* [AVAILABLE RECORDS]:
○ ○ ○ ○ ○

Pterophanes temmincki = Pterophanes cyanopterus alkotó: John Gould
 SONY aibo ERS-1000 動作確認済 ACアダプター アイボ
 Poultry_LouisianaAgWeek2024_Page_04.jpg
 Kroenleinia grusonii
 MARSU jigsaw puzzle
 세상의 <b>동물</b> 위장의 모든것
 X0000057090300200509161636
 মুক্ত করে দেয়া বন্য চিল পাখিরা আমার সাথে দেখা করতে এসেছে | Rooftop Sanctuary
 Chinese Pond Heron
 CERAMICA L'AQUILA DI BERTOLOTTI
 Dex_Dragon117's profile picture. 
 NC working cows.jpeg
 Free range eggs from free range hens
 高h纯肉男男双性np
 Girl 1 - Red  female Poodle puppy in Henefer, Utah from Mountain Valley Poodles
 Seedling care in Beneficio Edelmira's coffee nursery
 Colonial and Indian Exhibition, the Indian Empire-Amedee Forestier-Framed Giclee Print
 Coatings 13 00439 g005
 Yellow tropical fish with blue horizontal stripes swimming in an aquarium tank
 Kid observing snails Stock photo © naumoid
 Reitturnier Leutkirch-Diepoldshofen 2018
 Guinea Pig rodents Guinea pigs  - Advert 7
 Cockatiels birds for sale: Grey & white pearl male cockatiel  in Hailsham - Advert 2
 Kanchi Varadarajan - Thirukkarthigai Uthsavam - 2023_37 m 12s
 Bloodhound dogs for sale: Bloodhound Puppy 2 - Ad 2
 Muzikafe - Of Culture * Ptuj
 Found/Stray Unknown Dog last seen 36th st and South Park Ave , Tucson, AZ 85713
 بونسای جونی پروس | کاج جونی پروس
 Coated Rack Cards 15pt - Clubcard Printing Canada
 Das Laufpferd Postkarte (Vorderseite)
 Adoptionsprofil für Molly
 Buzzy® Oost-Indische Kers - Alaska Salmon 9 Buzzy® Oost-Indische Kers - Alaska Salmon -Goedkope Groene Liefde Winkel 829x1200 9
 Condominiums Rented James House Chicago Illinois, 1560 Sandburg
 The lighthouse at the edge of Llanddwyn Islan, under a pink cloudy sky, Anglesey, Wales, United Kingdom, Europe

○ ○ ○ ○ ○

* [TASK]: Locate all lines in the listing above with the word "Advert" and copy them.

* [SOLUTION TO THIS PROBLEM]:
 Guinea Pig rodents Guinea pigs  - Advert 7
 Cockatiels birds for sale: Grey & white pearl male cockatiel  in Hailsham - Advert 2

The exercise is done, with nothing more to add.